Digestion is also a focus on eating habits in Eastern cultures. My Dad always told me not to drink water during a meal, and if I had to, only take small sips. Only later on did I realise it was a Asian custom, not just something my Dad preferred. My whole family just doesn't drink anything with meals. If something is particularly spicy, I'll have to get up and fetch a glass of water. Yet it's so customary in America to serve water or cold drinks with every meal. I noticed at restaurants with friends, the servers will always be refilling their glasses but mine wouldn't be touched.
I think something else is also drinking water first thing in the morning and right before bed.
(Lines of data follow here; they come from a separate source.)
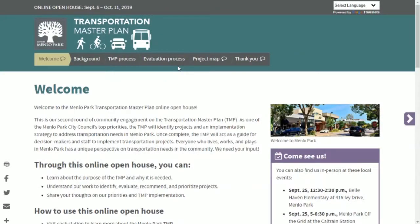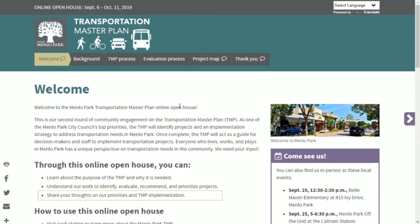Welcome to the City of Menlo Park's Transportation Master Plan online open house. Through this site you can learn about the purpose of the Transportation Master Plan, understand the project team's work to identify, evaluate, and prioritize projects, and share your thoughts on the priorities and the Transportation Master Plan implementation.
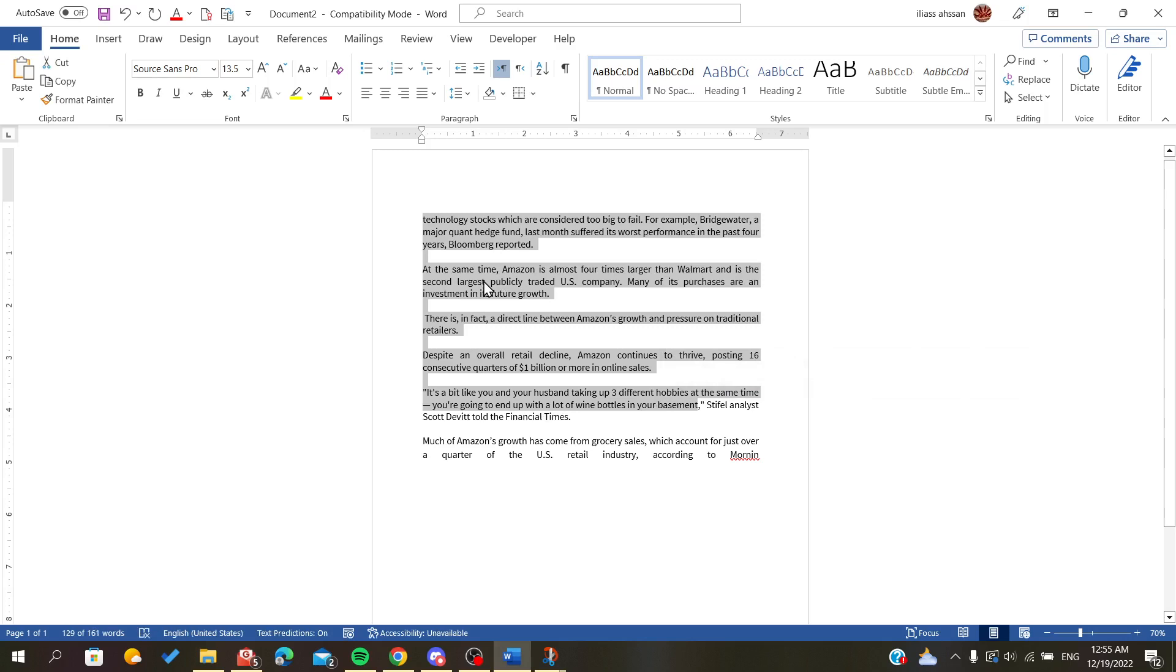This is the justification or justify feature on Microsoft Office Word, and I showed you how to do it. Thank you for watching and goodbye.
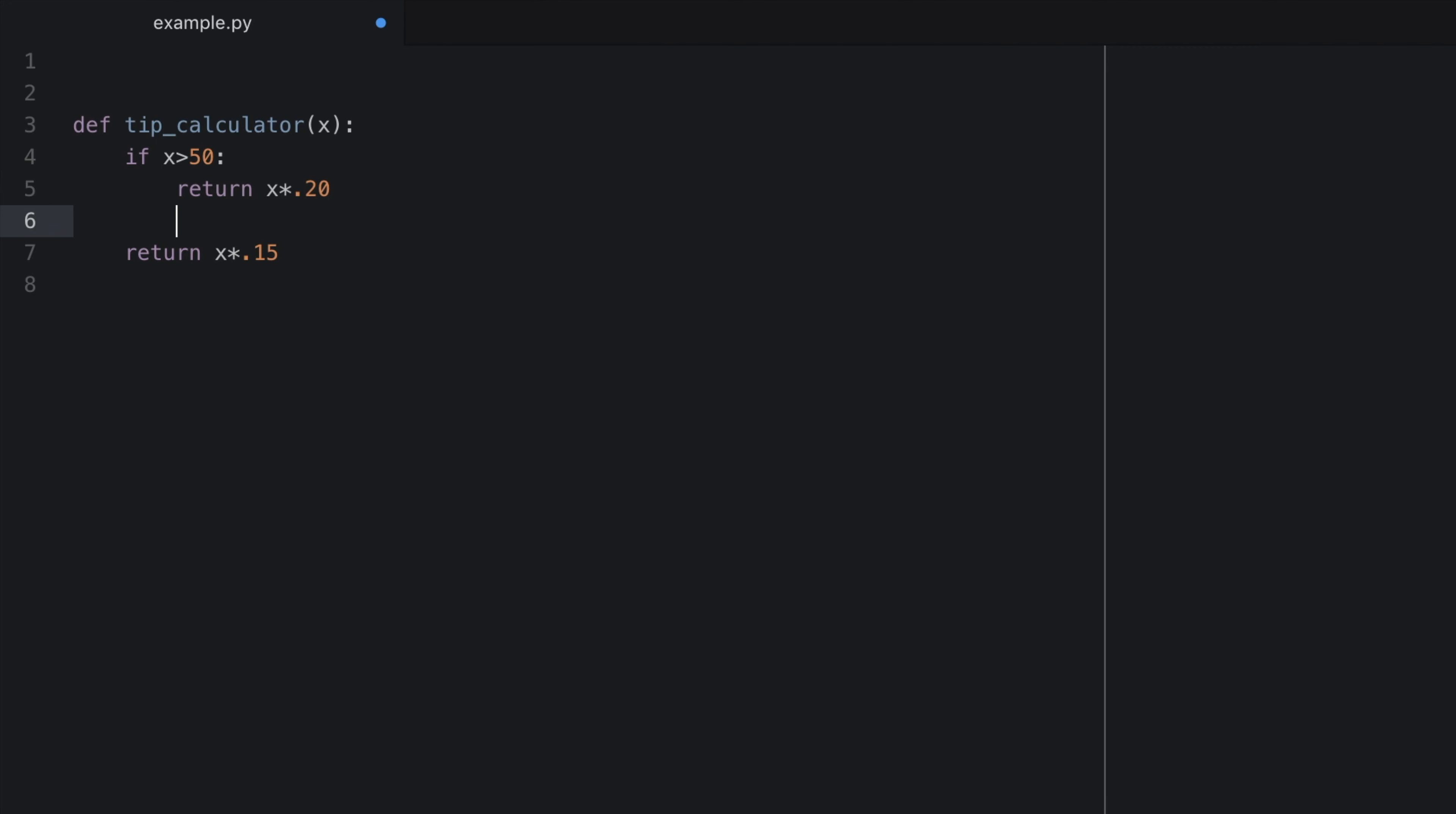So basically, if the condition is met, do what is inside of the if statement. Now, if the condition is not met, or in other words, x is not greater than 50, we want to just do the regular 15%. So we will type else, colon. And inside that, we can do our normal return 0.15 times x.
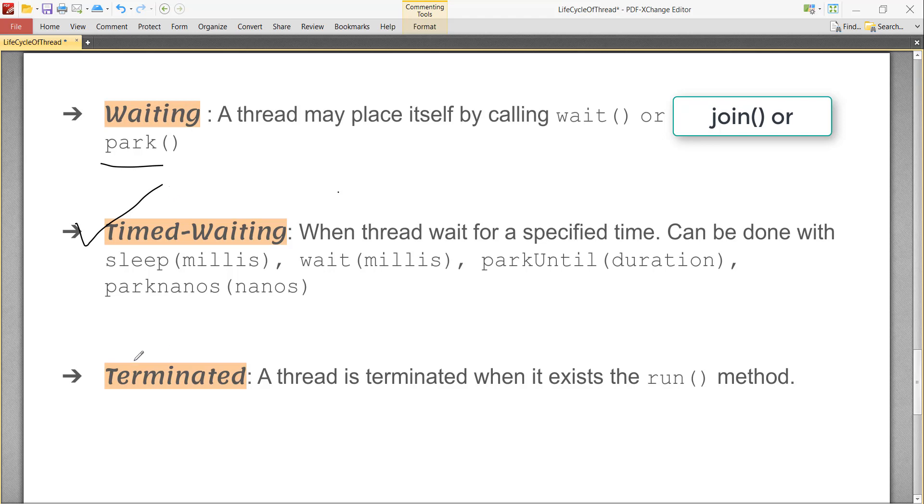When a thread completes its execution, it goes to terminated state. A thread is terminated when it exits its run method or its stop method is called. A terminated state thread cannot transition to any other state. Keep in mind.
I just got into the habit of doing it because I was always told to, but I looked it up and its also an "asian digestion" thing. Not really sure if it's true or works, but like I said, habits are hard to break.
Eastern Asians drink lots of green and white tea to improve digestions. Indians just drink chai as something to warm you up or invigorate oneself. It's had as an afternoon or evening snack and definitely for breakfast, but not really for the sake of good digestion. I think the American interpretation of tea is terribly misguided. Microwaving or electrically boiling hot water and then sticking a tea bag in it does not constitute tea. And the tea selection here is terrible! Bigelow tea tastes stale, like cardboard. And the tea they make at stores like Starbucks is equally disgraceful. I sampled every Teavana tea at Starbucks one day, from that white Youthberry tea to the Emperor's Mist tea. Nothing was good at all. Teavana tea likes to brand itself as a quality, exotic tea brand but you can buy relatively inexpensive tea in bulk at foreign stores that's 50 times better. Teavana just blends a ton of shit together and labels them, but for daily enjoyment, the staples are best.
Sitting/Sleeping on the Floor
This is considered normal/acceptable, though there's still the notion that if a couch is available, it's respectful for the more esteemed person to take it.
Taking off Shoes
Many Americans don't wear shoes in their house. However, when guests arrive, Americans don't mind if they wear their shoes. At dinner parties, everyone has shoes on! Asians take off their shoes either outside the front door or in the front entry to the house. Large gatherings are especially interesting when people have to find their shoes again. It's a custom that I think makes the most sense: why bring dirty shoes all over the house? It's a matter of cleanliness. I think Indians in particular like the feeling of having bare feet. I don't remember wearing shoes all that often growing up. If I went to the park in front of my house, my front yard, or my back yard, I never wore shoes. Even if the tar street separating my house from the field of green was hot from the sun, i would just leap across with light steps. My whole family, I noticed, don't really use shoes unless absolutely necessary. When I went out with my cousins at family gatherings, our shoes were the last thing we'd think of. Once, my brother was driving us all back home from Ohio when he exclaimed "Shit, I forgot my shoes"
In other Asian cultures, I think the barefoot principle applies as well.
I hope you enjoyed this post! I'll update it whenever I think up something else!